=== Description of the task ===
Give back every record word for word, keeping the pictures out.

(Data provided)

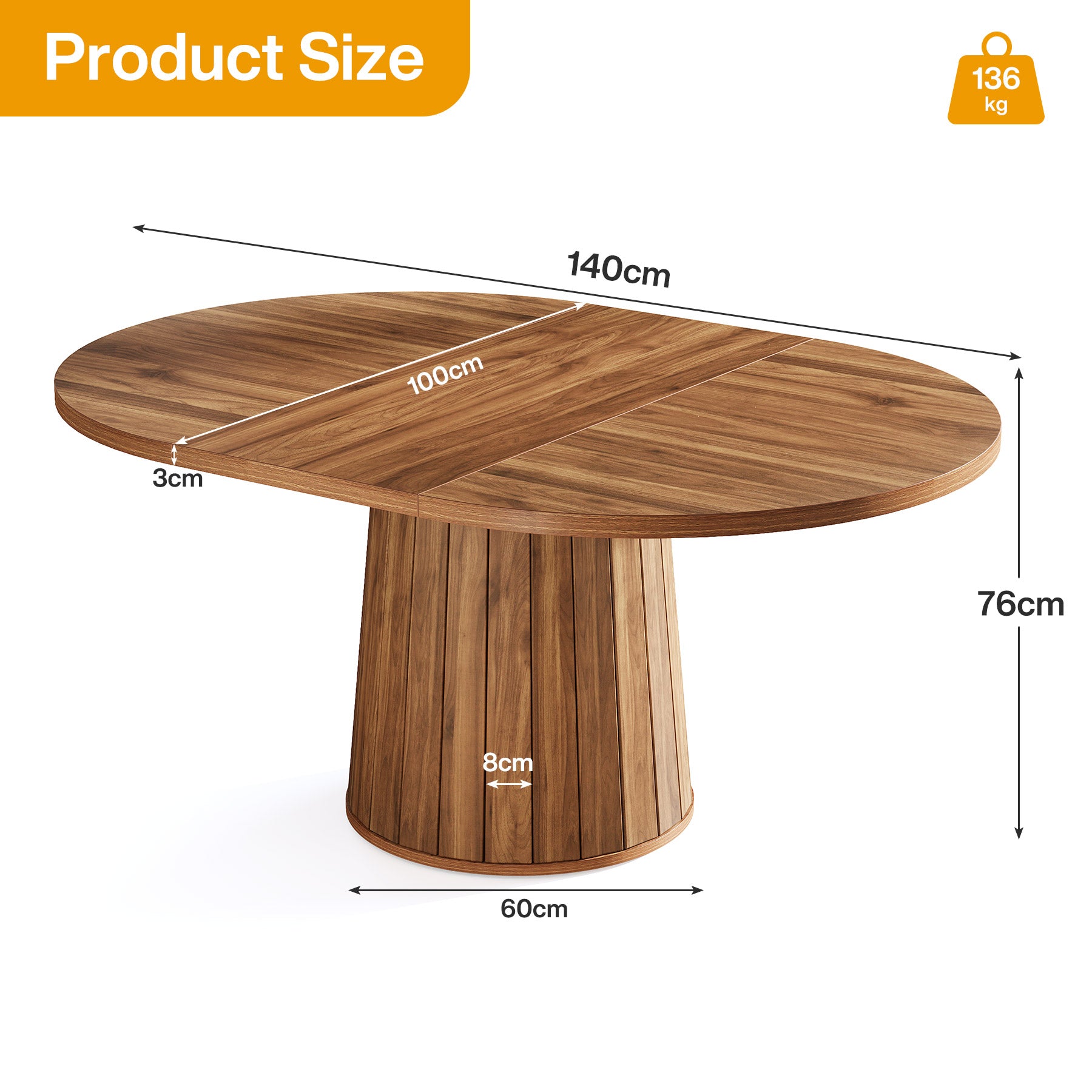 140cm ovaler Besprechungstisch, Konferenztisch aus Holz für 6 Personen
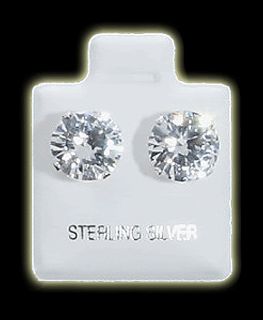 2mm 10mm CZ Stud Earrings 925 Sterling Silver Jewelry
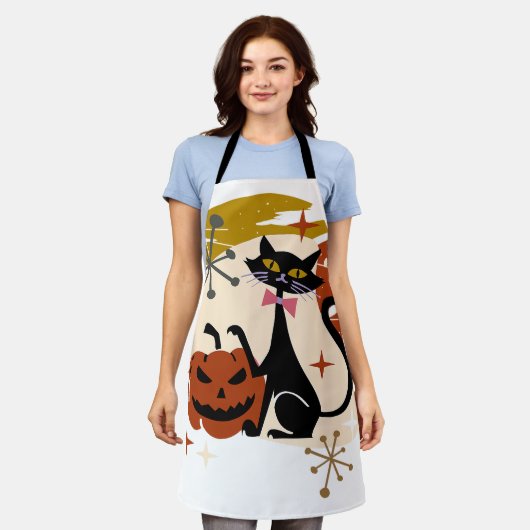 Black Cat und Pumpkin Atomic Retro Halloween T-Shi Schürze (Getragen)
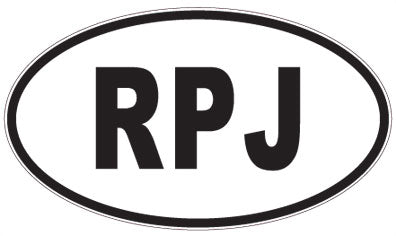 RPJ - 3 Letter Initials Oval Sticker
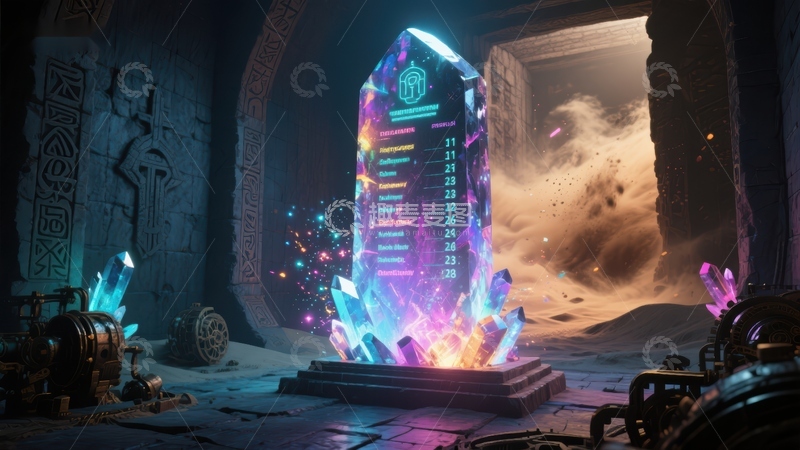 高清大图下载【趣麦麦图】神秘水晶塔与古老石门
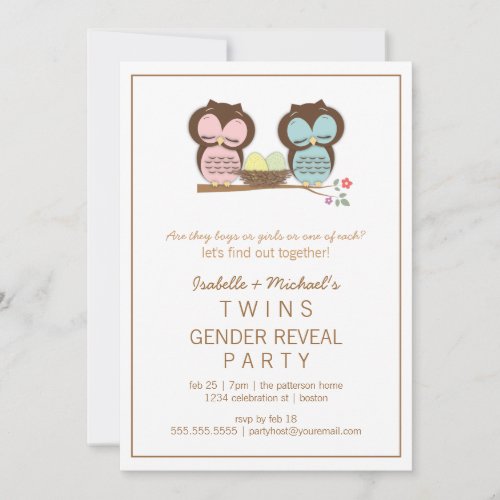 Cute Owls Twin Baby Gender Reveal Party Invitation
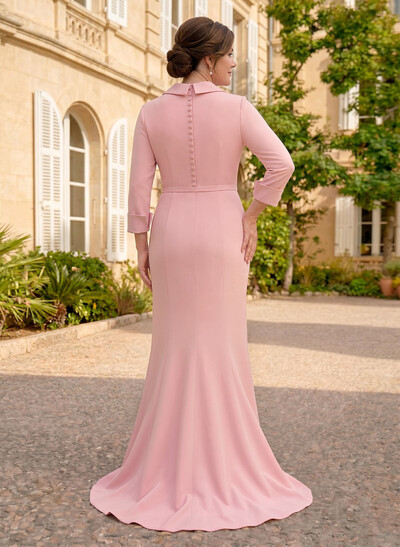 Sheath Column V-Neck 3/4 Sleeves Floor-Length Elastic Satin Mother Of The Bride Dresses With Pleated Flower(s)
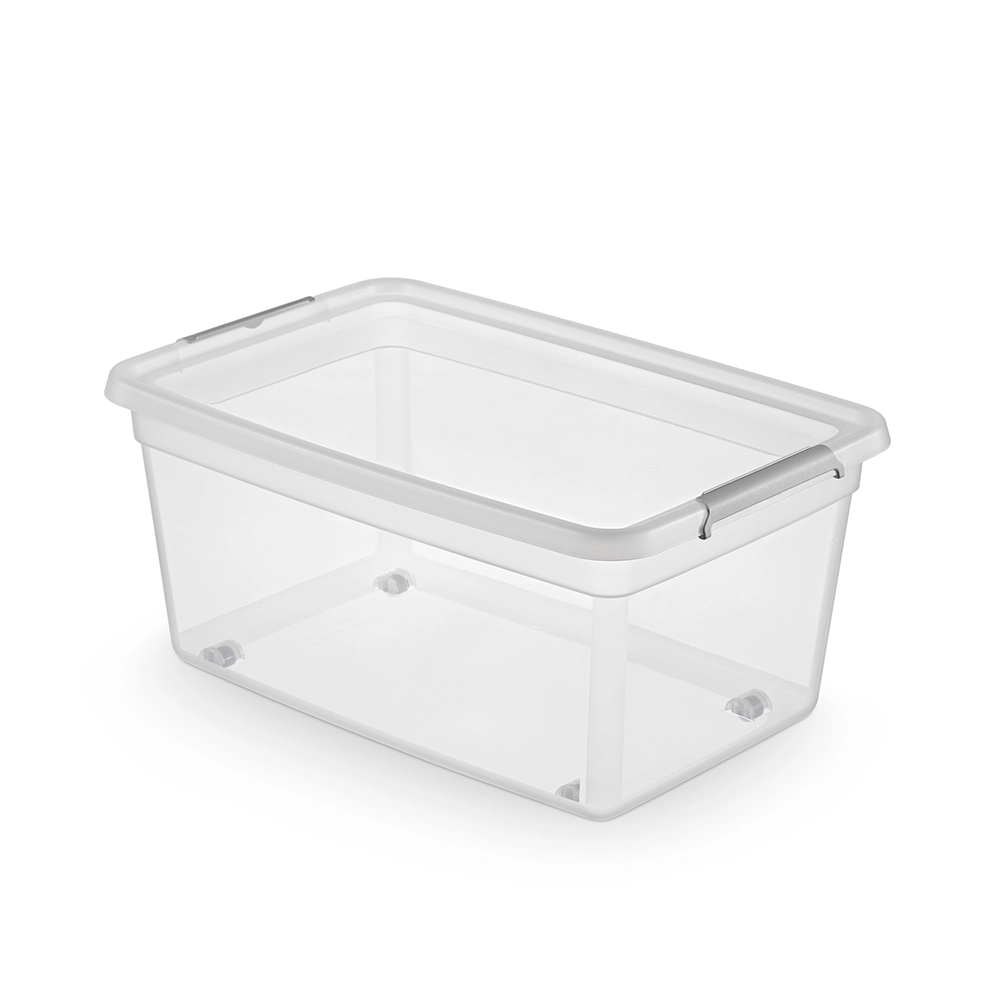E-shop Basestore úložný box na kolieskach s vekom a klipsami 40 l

(End Data provided)

=== The answer ===
 140cm ovaler Besprechungstisch, Konferenztisch aus Holz für 6 Personen
 2mm 10mm CZ Stud Earrings 925 Sterling Silver Jewelry
 Black Cat und Pumpkin Atomic Retro Halloween T-Shi Schürze (Getragen)
 RPJ - 3 Letter Initials Oval Sticker
 高清大图下载【趣麦麦图】神秘水晶塔与古老石门
 Cute Owls Twin Baby Gender Reveal Party Invitation
 Sheath Column V-Neck 3/4 Sleeves Floor-Length Elastic Satin Mother Of The Bride Dresses With Pleated Flower(s)
E-shop Basestore úložný box na kolieskach s vekom a klipsami 40 l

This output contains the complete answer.